**Input data:**
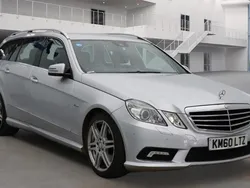 Silver Used 2011 Mercedes E200 Estate | £5,995
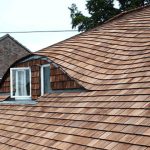 Cedar Cladding Roofs, Sudbury, Ipswich, Suffolk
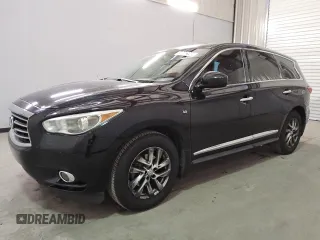 2014 Infiniti QX60 z VIN 5N1AL0MN4EC519846, wystawiony jako Copart lot #48882945 z przebiegiem 200 492 mil mil oraz Czysty tytuł • Clean title. Historia ofert i sprzedaży dostępna na DreamBid. Obrazek 1.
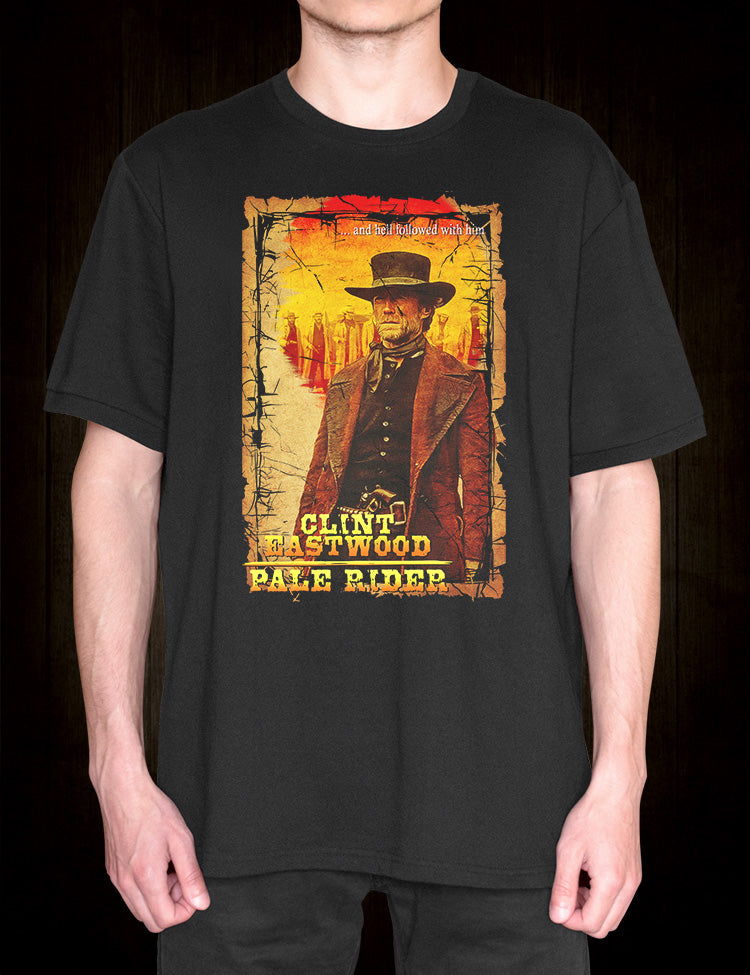 Vintage Western Film Shirt - Pale Rider T-Shirt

**Task goal:** Every line from the one containing "Cedar Cladding Roofs, Sudbury, Ipswich, Suffolk" through the end of the listing is to be copied exactly; the pictures are not.

**Result for this task:**
 Cedar Cladding Roofs, Sudbury, Ipswich, Suffolk
 2014 Infiniti QX60 z VIN 5N1AL0MN4EC519846, wystawiony jako Copart lot #48882945 z przebiegiem 200 492 mil mil oraz Czysty tytuł • Clean title. Historia ofert i sprzedaży dostępna na DreamBid. Obrazek 1.
 Vintage Western Film Shirt - Pale Rider T-Shirt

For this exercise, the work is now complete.